DIRECTIONS FOR THIS TASK: Begin at the line below that has "10.5 Inch Divided". Stop after the line that has "SHEIN 1 Pair", repeating each line exactly and leaving out the pictures.
(DATA SUPPLIED)
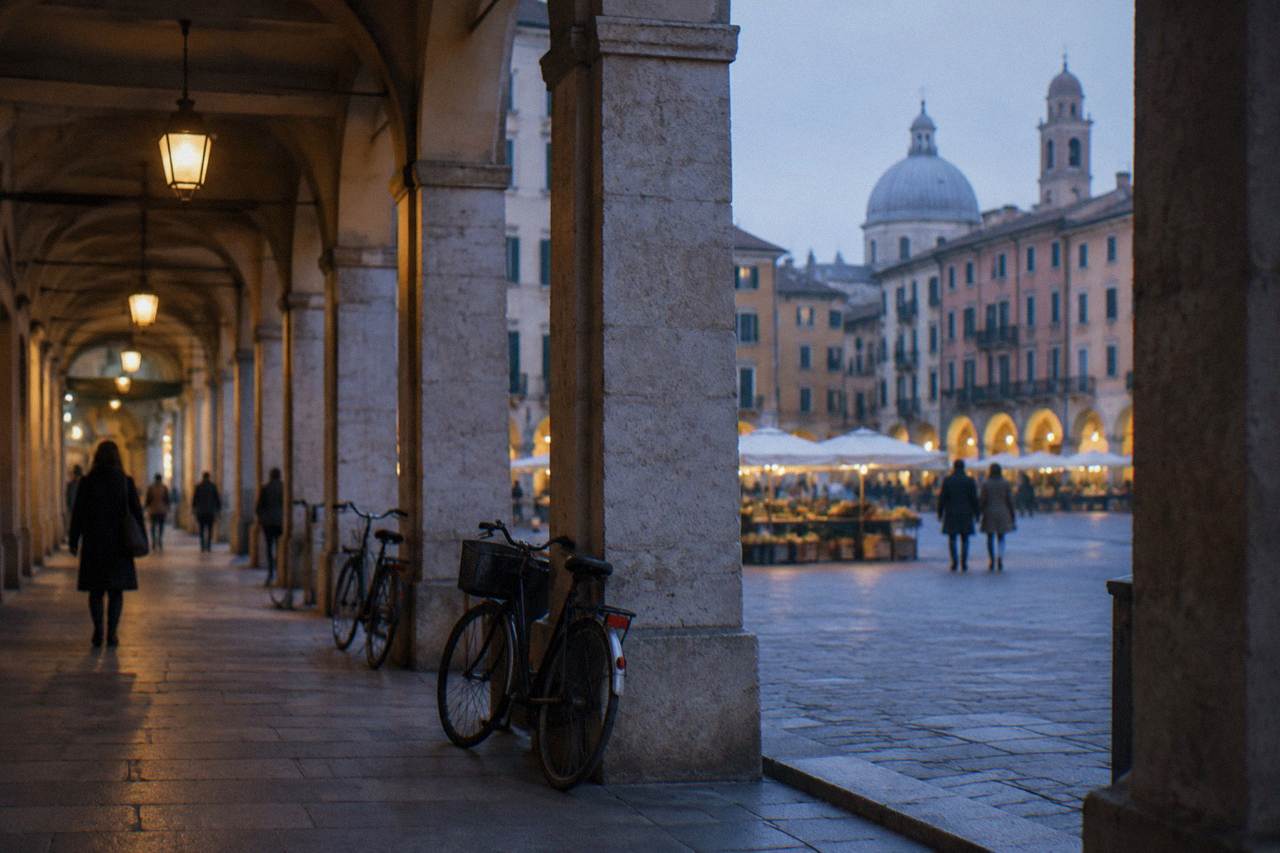 Arcaded street in central Padua with the market squares beyond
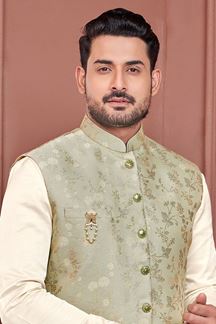 Picture of Fancy Cream and Green Colored Designer Readymade Kurta, Payjama, and Jacket Set for Wedding or Festive
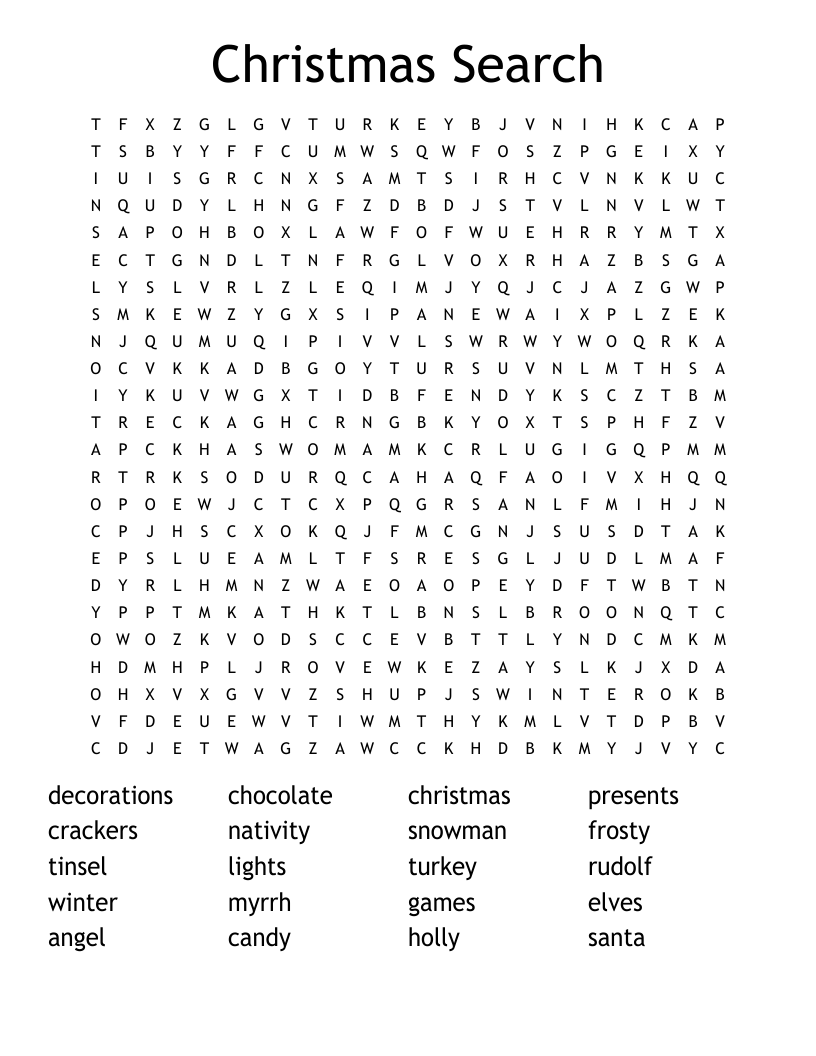 Christmas Search Word Search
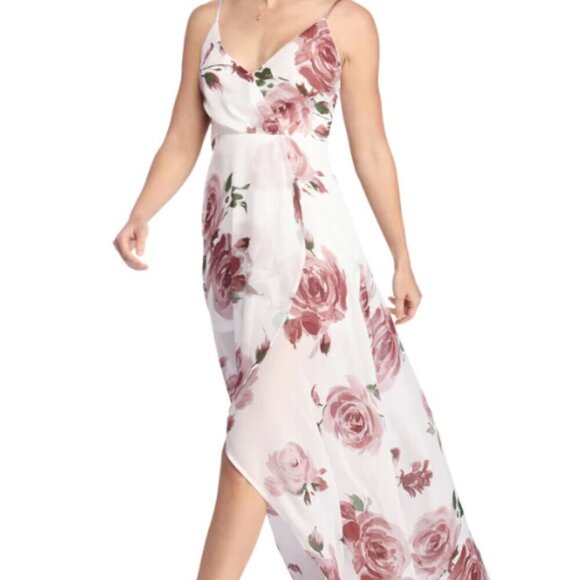 Windsor "NEW" Bohemian Floral Chiffon Cottagecore High Low Coquette Maxi Dress L - Picture 3 of 13
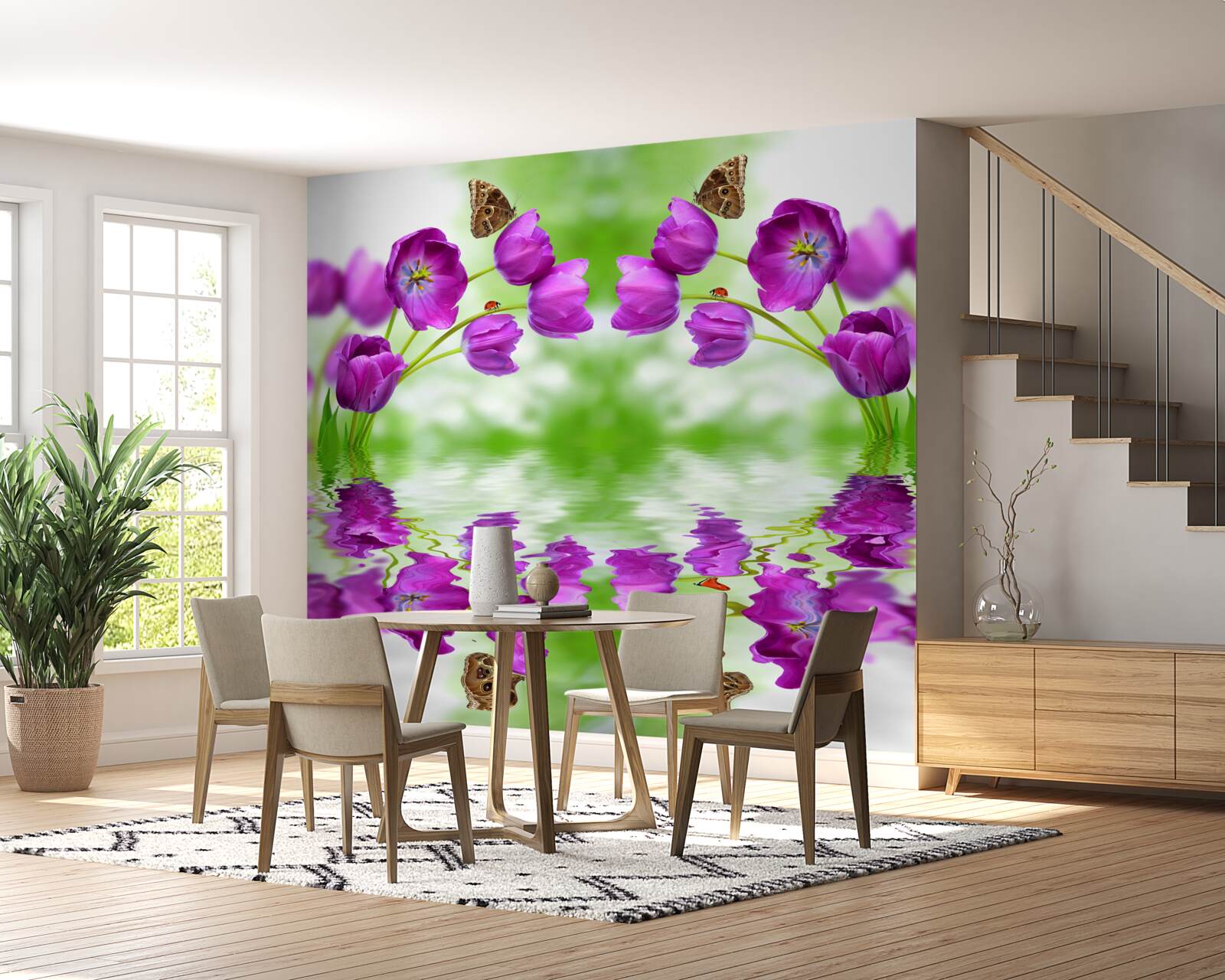 Fototapeten Die Blumen reflektieren die Schmetterlinge, die im Wasser auf ihnen ruhen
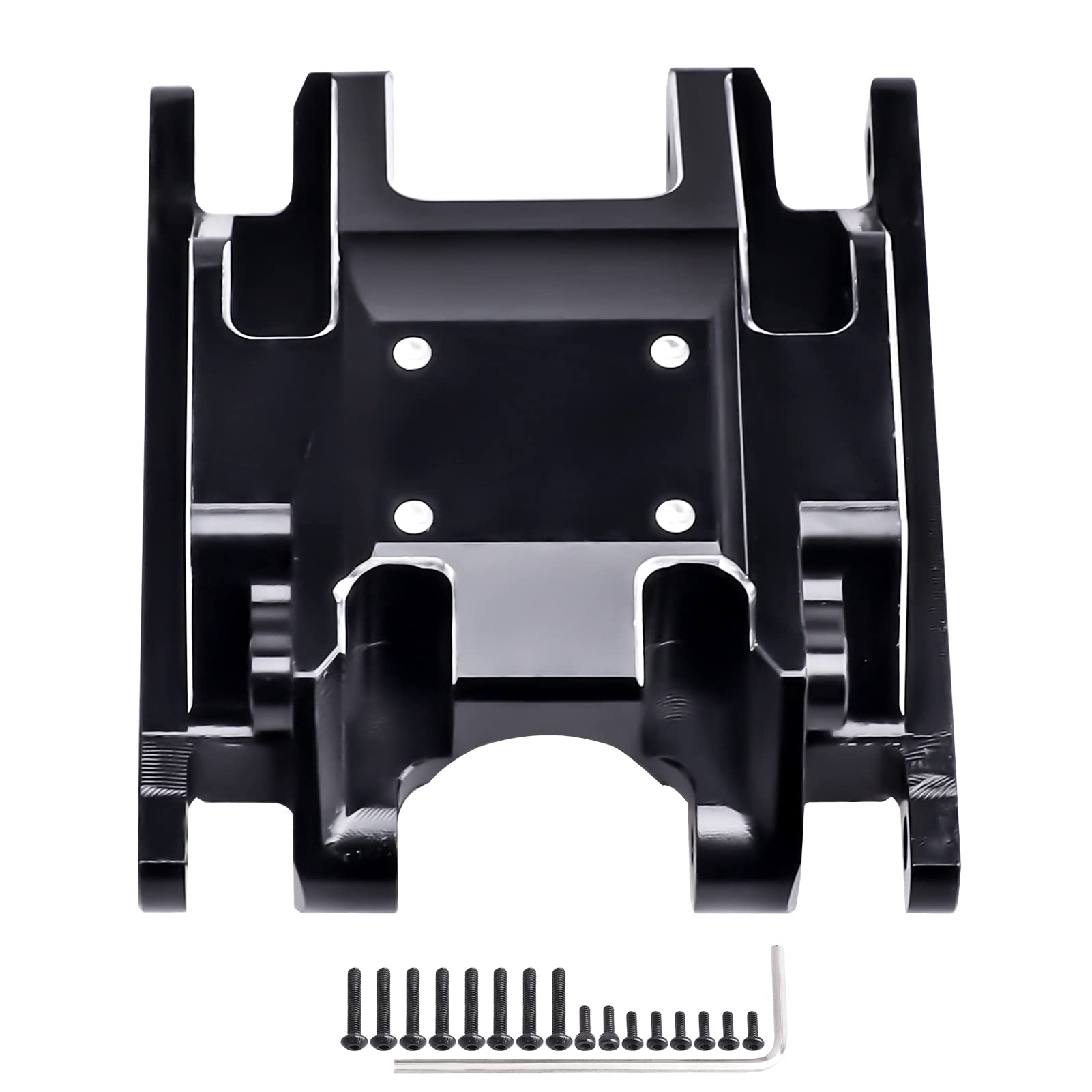 Aluminum Skid Plate Transmission Mount Heavy Duty for TRX4M K10 High Trail F150 Bronco Defender 1/18 Crawler Car Upgrades (Black Silver)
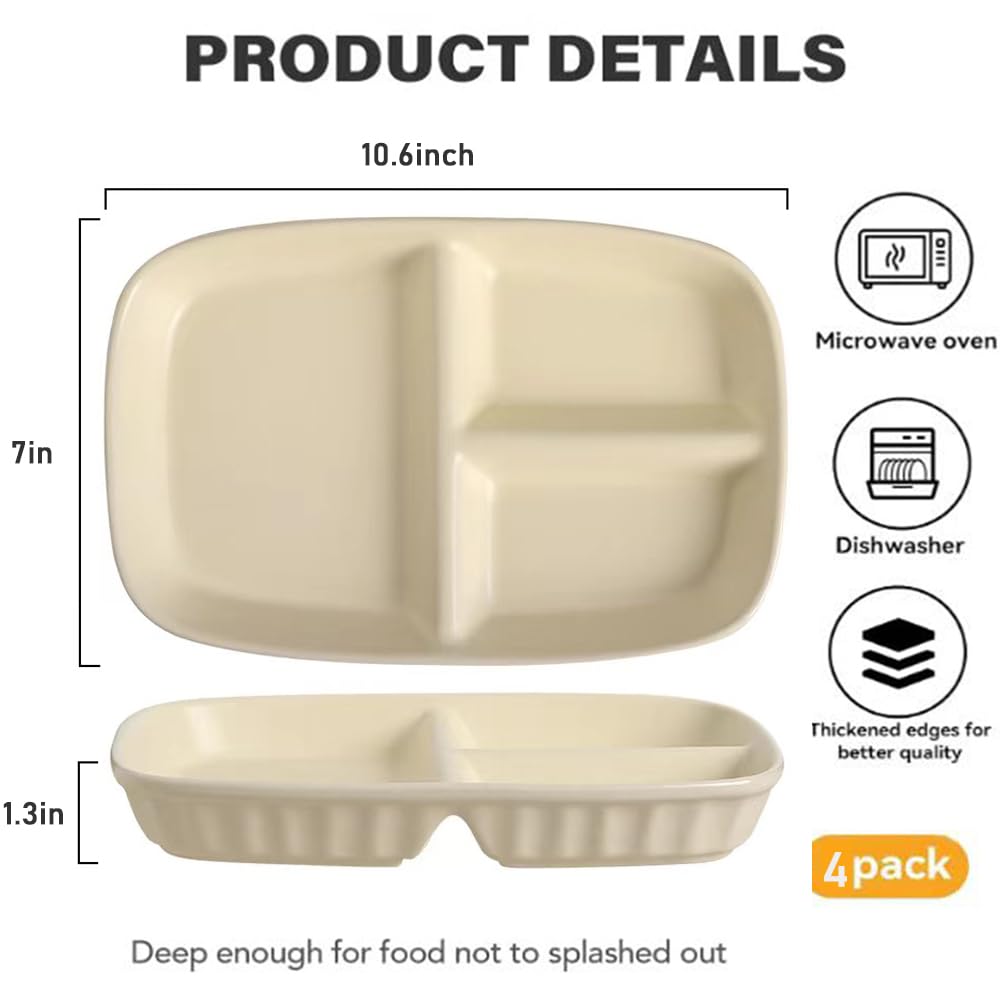 10.5 Inch Divided Plates for Adults - 3 Compartment Portion Control Bariatric Plates | Wheat Straw, Unbreakable & Reusable | BPA Free (4-Pack) | Perfect for Meal Prep, Weight Management & Healthy Eating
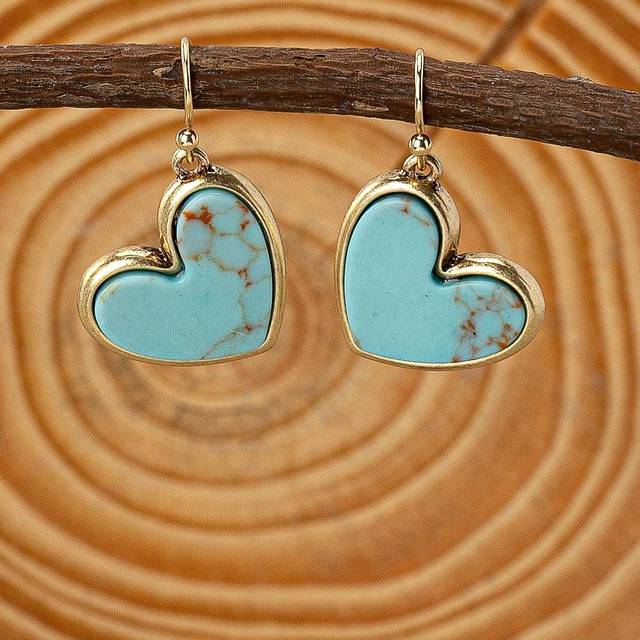 SHEIN 1 Pair Vintage Boho Natural Turquoise Heart Shaped Earrings, Valentine&#39;s Day Gift Valentines,Mom,Mother,Mother&#39;s Day,Gift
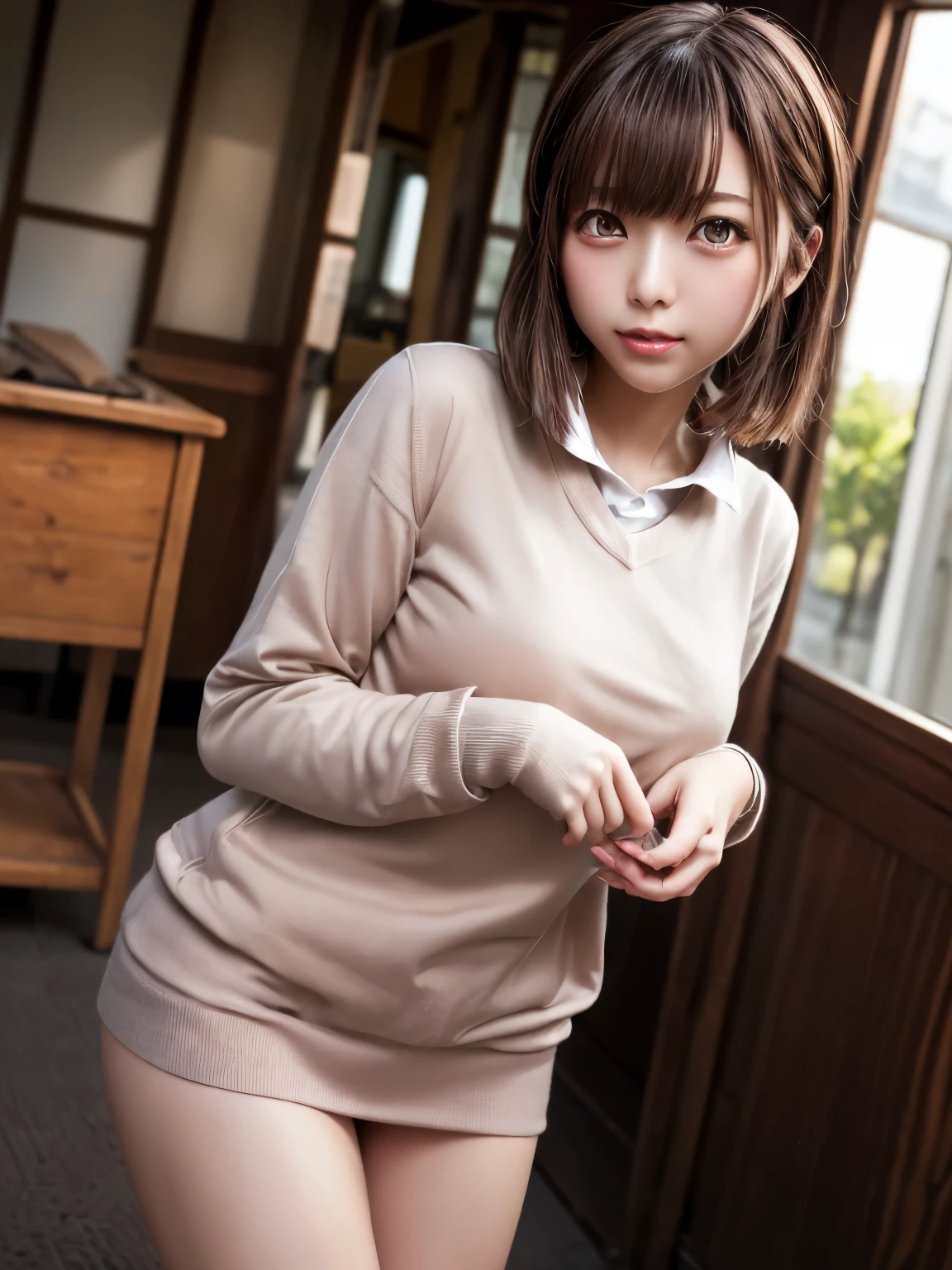 Highest quality, Face focus, Soft Light, Ultra-high resolution, (Realistic:1.4), RAW Photos, 1 Japanese girl, alone, cute, (A shy smile:0.5), (Brown eyes, Eye light), Detailed beautiful face, (Small box),(High resolution detail of human skin texture), (Short Bob Hair), break, In the classroom,Navy uniform, Best, skirt,machine,The afterglow of sex,Leg spread,Flowing semen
(End DATA SUPPLIED)
ANSWER TO THIS TASK:
 10.5 Inch Divided Plates for Adults - 3 Compartment Portion Control Bariatric Plates | Wheat Straw, Unbreakable & Reusable | BPA Free (4-Pack) | Perfect for Meal Prep, Weight Management & Healthy Eating
 SHEIN 1 Pair Vintage Boho Natural Turquoise Heart Shaped Earrings, Valentine&#39;s Day Gift Valentines,Mom,Mother,Mother&#39;s Day,Gift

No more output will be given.